For many people who discovered music in the ‘80s and ‘90s, Kim Gordon will always be the pinnacle of cool. In Sonic Youth, Gordon was aloof, distant, beautiful and strange. Her vocals combined a guttural and ethereal quality that both anchored the band and shot them off into some kind of experimental-amateur netherland that either grated or sent chills down the spine.
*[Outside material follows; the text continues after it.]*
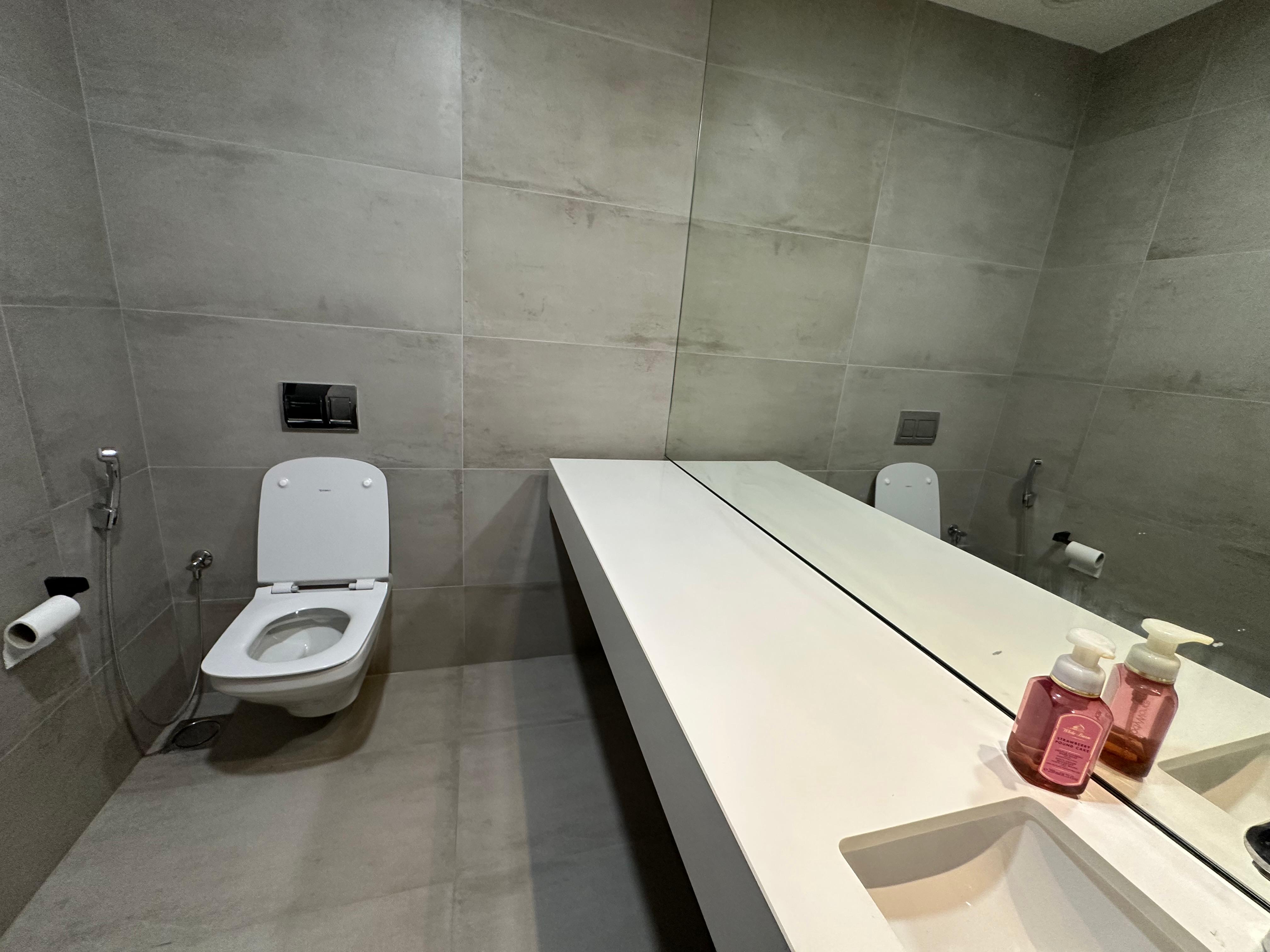 Sea View | Spacious Layout | Low Floor.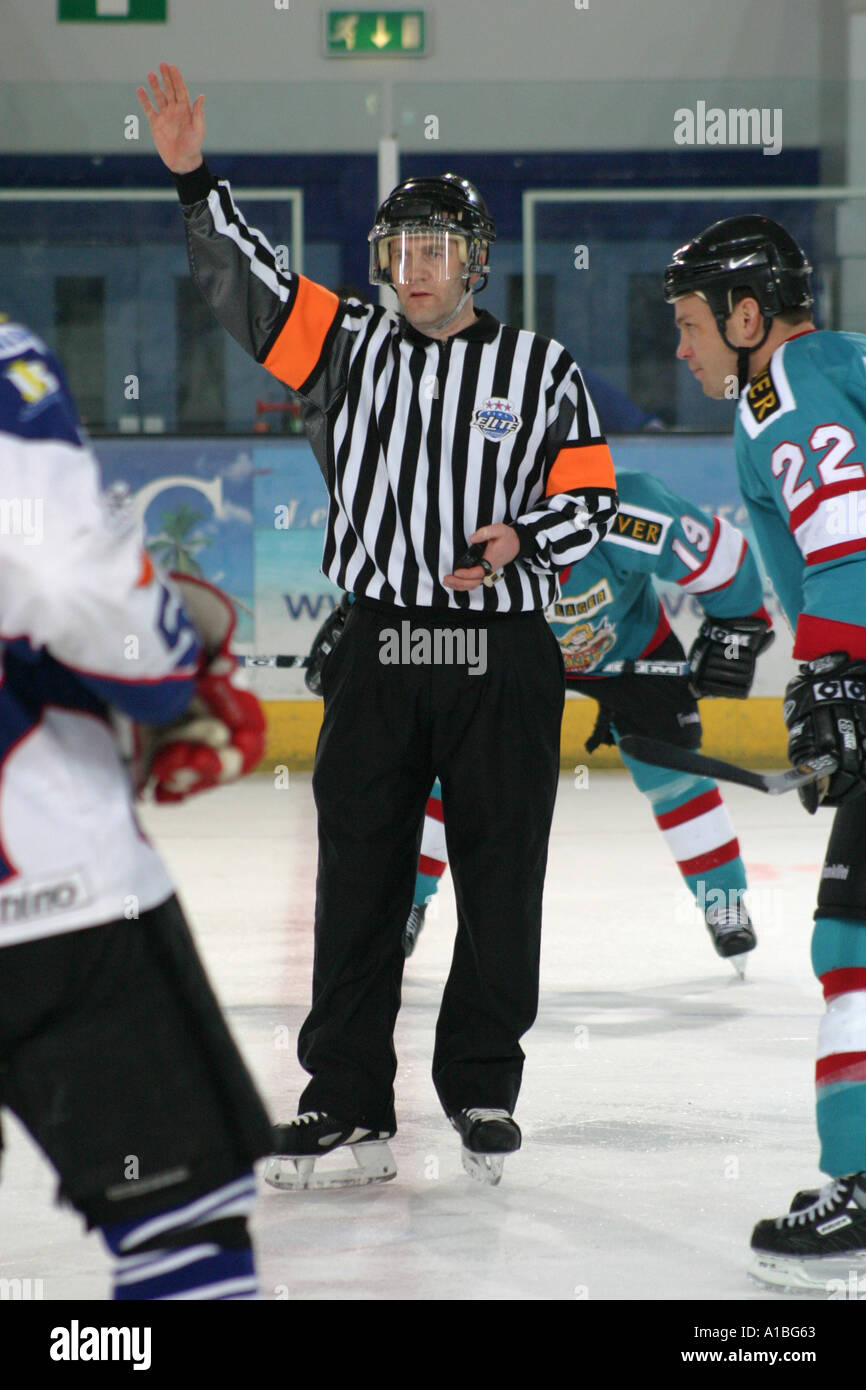 Hockey su ghiaccio arbitro chiamando i giocatori per un face off Foto Stock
Now that Gordon and Thurston Moore -- the bohemian rock world’s it couple for decades -- have broken up and the sadly familiar story of their demise has come out, Gordon has written "Girl in a Band." There are cameos by Danny Elfman, Courtney Love, Kurt Cobain, Lydia Lunch and some less famous figures worth discovering, but it’s all filtered through Gordon’s slightly removed, analytical take on things. She writes as she sings, in a down-to-earth yet removed way, as if she’s experiencing it all by satellite transmission.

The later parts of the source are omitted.